Daarnaast zet Nederland in op het mondiaal beprijzen van CO2-emissies en, waar mogelijk, het koppelen van emissiesystemen, zodat er stap voor stap een meer gelijk speelveld ontstaat. Om dit mogelijk te maken, draagt Nederland actief bij aan verschillende internationale initiatieven ter promotie van mondiale CO2-beprijzing. Een voorbeeld hiervan is de Carbon Pricing Leadership Coalition (CPLC), waarin overheden en het bedrijfsleven samenwerken om het nut en de noodzaak van (wereldwijde) CO2-beprijzing voor het voetlicht te brengen.

Conclusie

Op basis van bovenstaande vergelijking tussen de werking van de carbon tax in British Columbia en het vigerende belastingstelsel in Nederland concludeer ik dat deze carbon tax geen toegevoegde waarde biedt voor het stelsel zoals dat in Nederland reeds van kracht is. Nederland past al geruime tijd accijnzen op motorbrandstoffen alsook de energiebelasting op aardgas en elektriciteit toe, die in het algemeen op een beduidend hoger niveau liggen dan de tarieven zoals deze sinds 2012 in British Columbia van kracht zijn.
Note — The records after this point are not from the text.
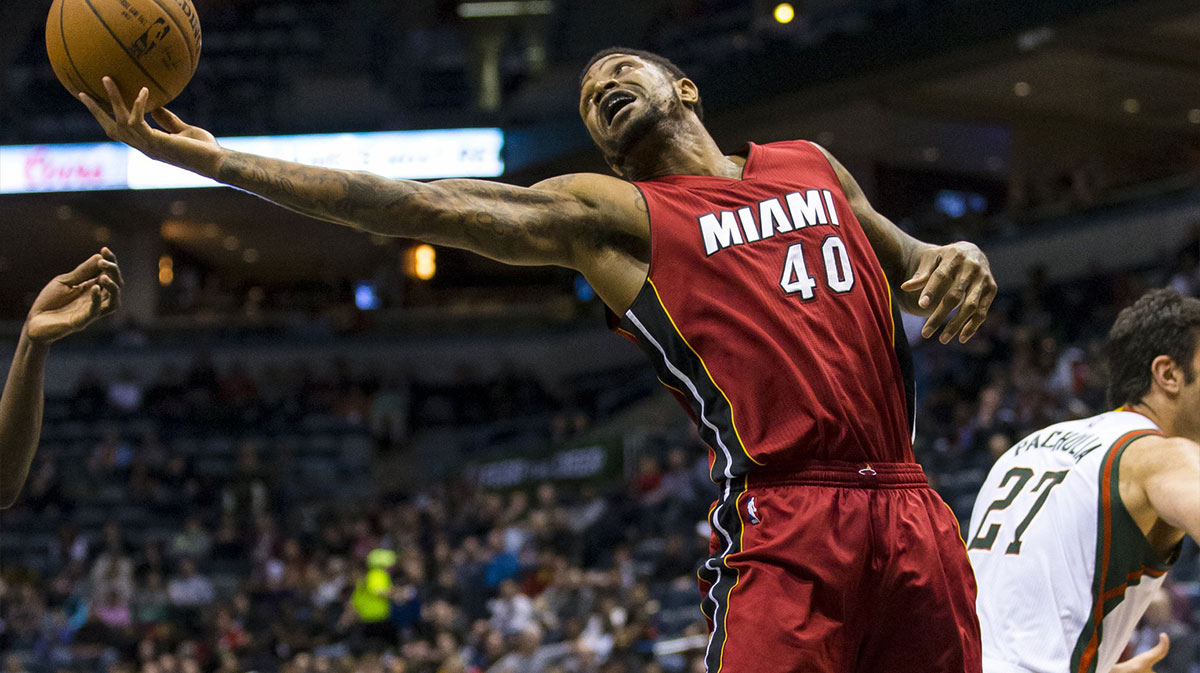 Miami Heat forward Udonis Haslem (40) reaches for a rebound during the third quarter against the Milwaukee Bucks at BMO Harris Bradley Center.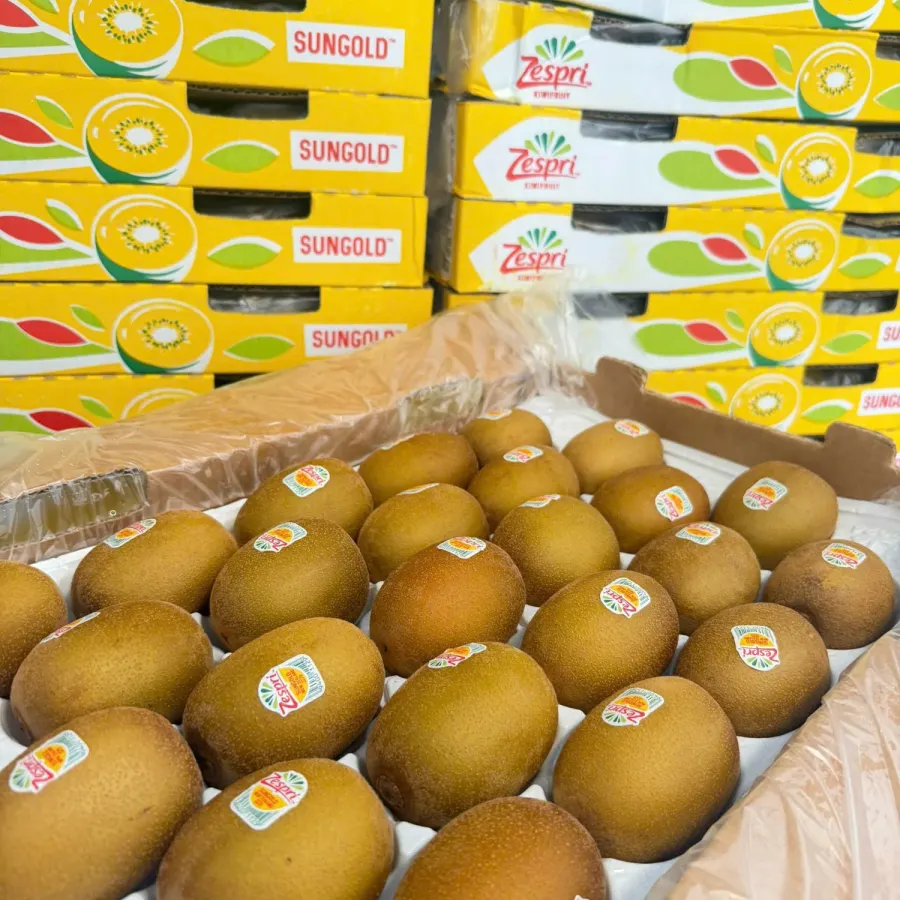 Kiwi Zespri xếp trong khay, phía sau là các thùng Zespri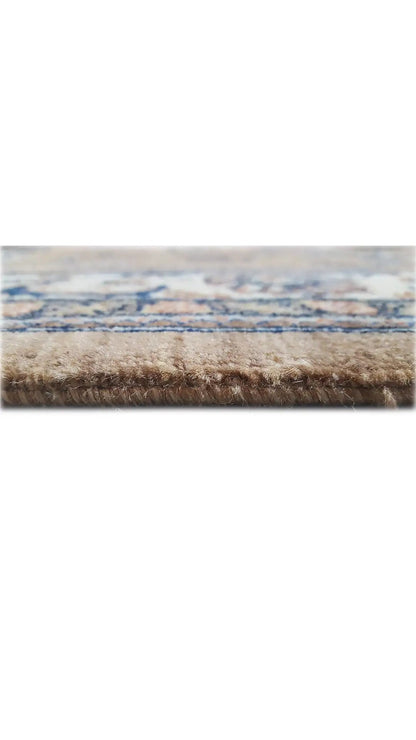 Rug edge with beige pile and blue finishing border, fringes at the bottom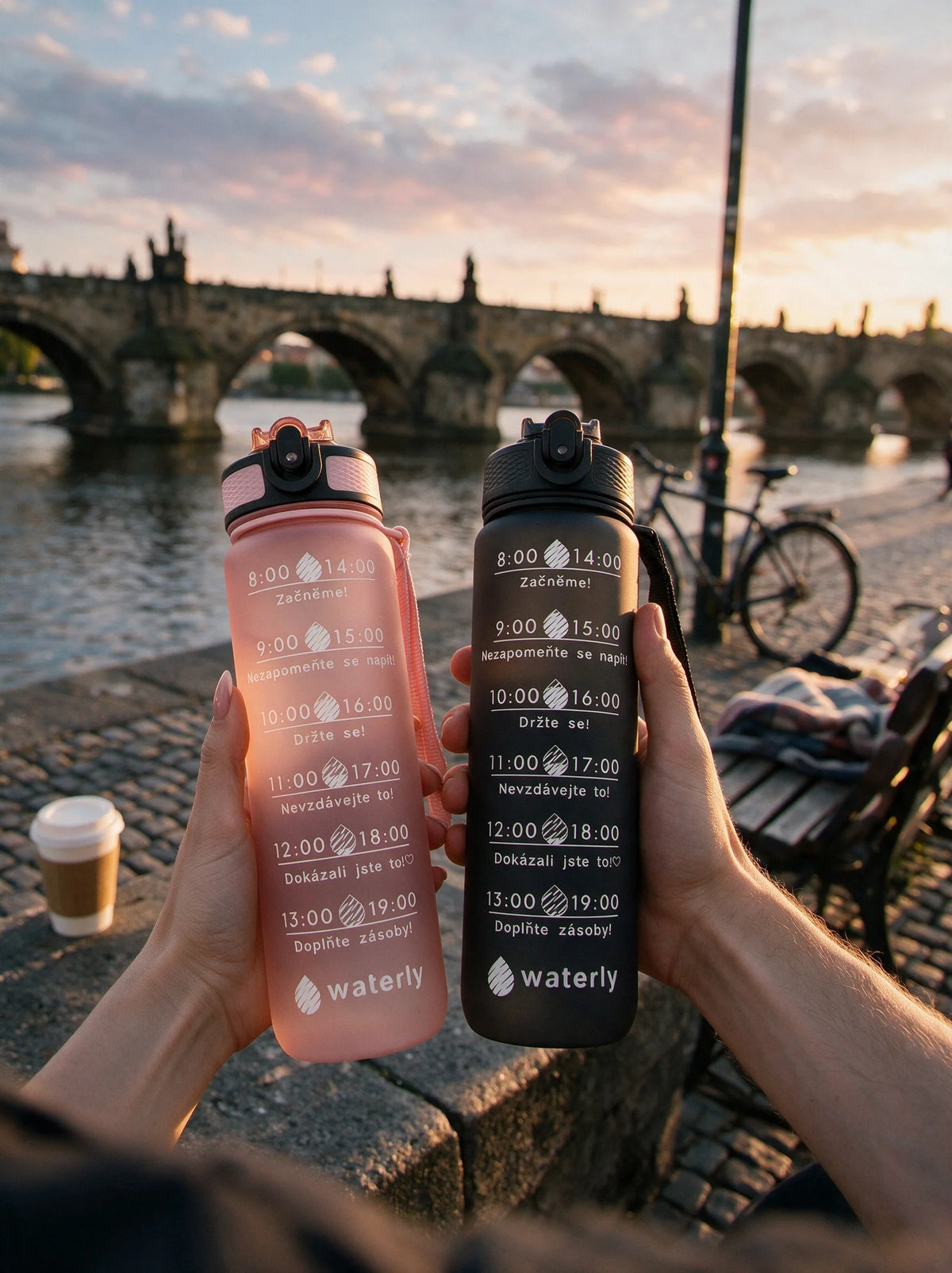 Pár drží motivační láhve Waterly při západu slunce, Karlův most v pozadí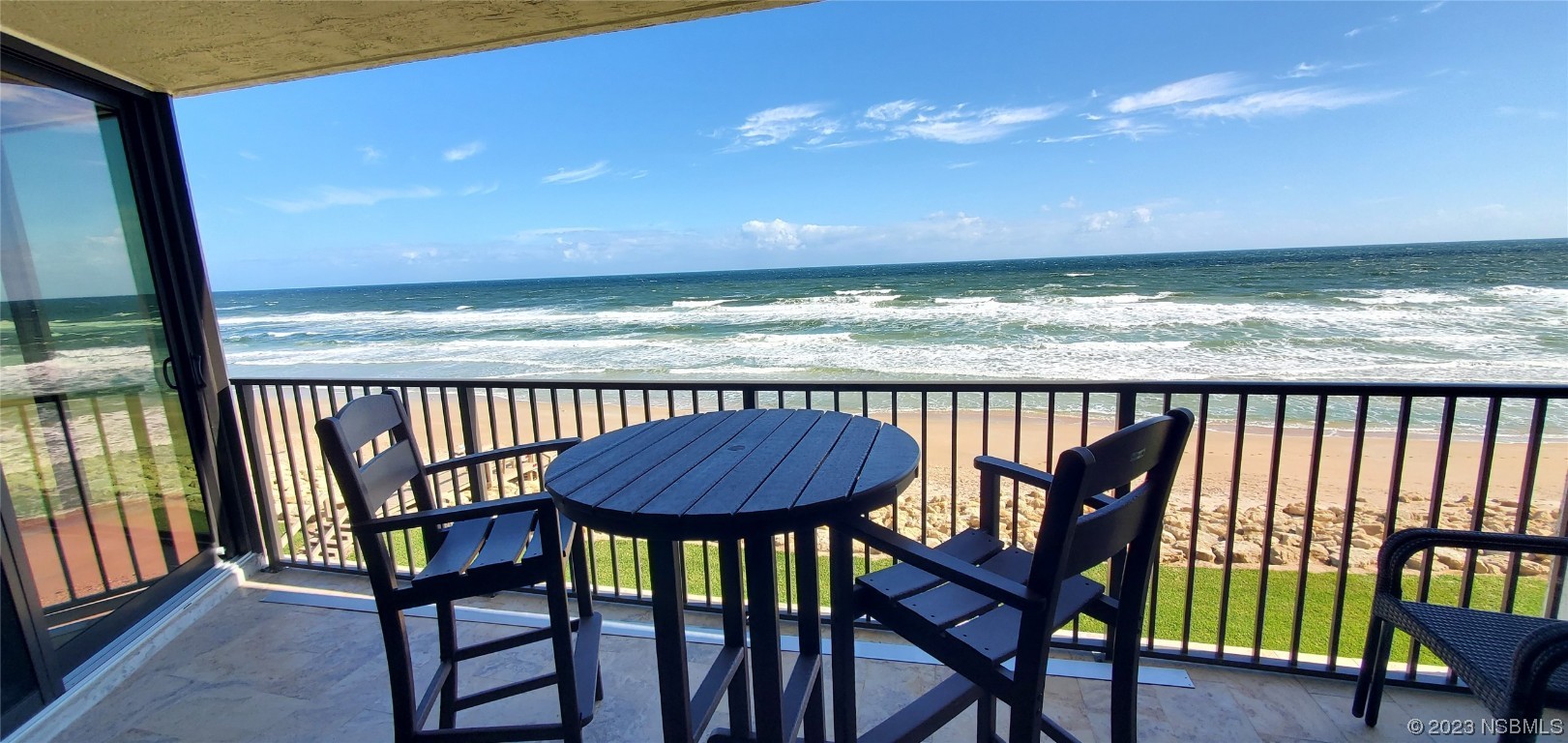 6727 Turtlemound Road, Unit 416 New Smyrna Beach, FL 32169 - Photo 29 of 67 a view of a chairs and table in the balcony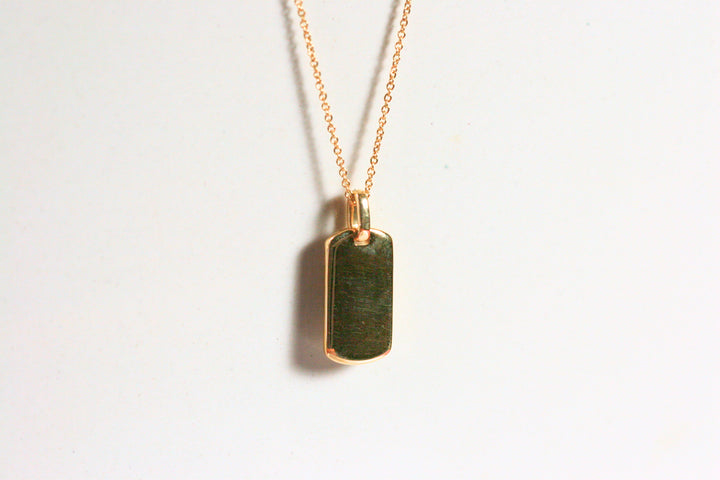 The back of the dog tag is solid gold. This could be engraved or you could set a birthstone in the back. This pendant is reversible.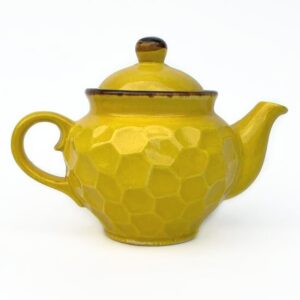 Handmade yellow ceramic teapot solokha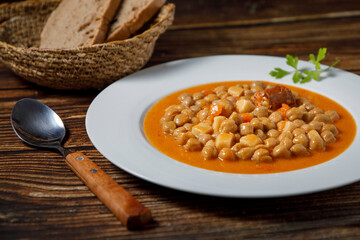 Chickpea stew dish, cocido madrileño. With beef, sausage (chorizo), bacon, carrots and bread.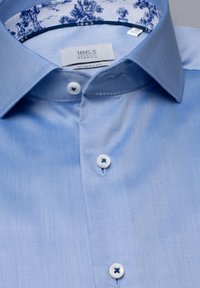 Camicia a righe di colore azzurro chiaro, realizzata in tessuto liscio. Presenta un colletto interno a motivo in contrasto e bottoni bianchi con accenti blu.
Beprijzing van CO2-uitstoot vindt daarnaast plaats via het EU ETS en Nederland zet zich in voor versterking van het ETS, alsmede mondiale beprijzing van CO2-uitstoot.

De Minister van Economische Zaken, H.G.J. Kamp


X Noot
1

Pembina Institute, The B.C. carbon tax, good for the economy and the climate, september 2015.